This lab provides a brief overview of functions used to perform statistical tests that frequently discussed in an introductory statistics course.

If you are unfamiliar with hypothesis testing, I encourage you to look over my course notes on the topic

Also note that this lab is entirely optional. The format is more similar to a reference guide, and all questions appear at the end of the document; however, they’ll require you to be familiar with the earlier sections.

\(~\)

One-sample Tests

One-sample tests are used to decide whether a summary statistic from your sample data is statistically different from a hypothesized value.

For categorical data, a common null hypothesis is \(H_0: p = p_0\), where \(p_0\) is a hypothesized proportion for the categorical outcome of interest. This hypothesis can be evaluated using a one-sample Z-test:

acs <- read.csv("https://remiller1450.github.io/data/EmployedACS.csv")  ## Random sample of 1287 employed individuals from the American Community Survey

n_male = sum(acs$Sex == 1)  ## Number of males among respondents
n_total = nrow(acs)         ## Total sample size
prop.test(x = n_male, n = n_total, p = 0.5, alternative = "two.sided")
## 
##  1-sample proportions test with continuity correction
## 
## data:  n_male out of n_total, null probability 0.5
## X-squared = 3.1826, df = 1, p-value = 0.07443
## alternative hypothesis: true p is not equal to 0.5
## 95 percent confidence interval:
##  0.4975476 0.5528050
## sample estimates:
##         p 
## 0.5252525

or an exact binomial test:

binom.test(x = n_male, n = n_total, p = 0.5, alternative = "two.sided")
## 
##  Exact binomial test
## 
## data:  n_male and n_total
## number of successes = 676, number of trials = 1287, p-value = 0.07439
## alternative hypothesis: true probability of success is not equal to 0.5
## 95 percent confidence interval:
##  0.4975508 0.5528386
## sample estimates:
## probability of success 
##              0.5252525

For either test, you must provide the numerator and denominator of the sample proportion (ie: count of males and total sample size), as well as the hypothesized population proportion, “p”.

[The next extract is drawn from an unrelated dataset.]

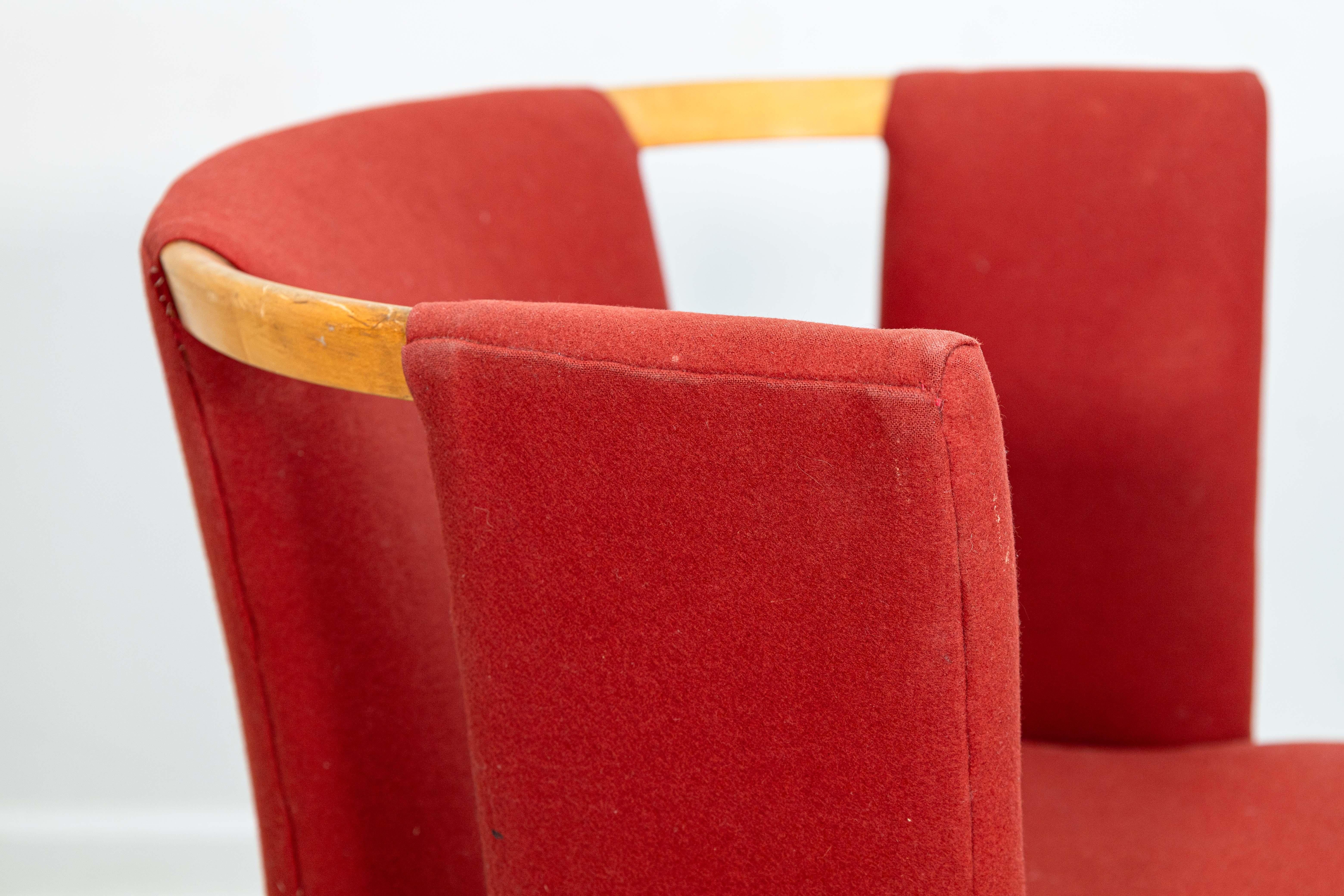 Coppia di poltrone in tessuto rosso di Eliel Saarinen per Imperial Rattan Company 1941 in vendita 3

For quantitative data, the one-sample \(t\)-test should be used to assess the hypothesis: \(H_0: \mu = \mu_0\), where \(\mu_0\) is a hypothesized mean.

t.test(x = acs$Income, mu = 40, alternative = "two.sided")
## 
##  One Sample t-test
## 
## data:  acs$Income
## t = 2.9449, df = 1286, p-value = 0.003289
## alternative hypothesis: true mean is not equal to 40
## 95 percent confidence interval:
##  41.50877 47.53074
## sample estimates:
## mean of x 
##  44.51976

In this example, a vector containing the quantitative variable is given as the x argument, and the hypothesized mean is defined by the argument mu.

\(~\)

Two-sample Tests

Two-sample tests are used to assess whether two different sample groups are statistically different. A common example is A/B testing, where experimental participants are randomly assigned into one of two conditions (A or B) and an outcome is recorded.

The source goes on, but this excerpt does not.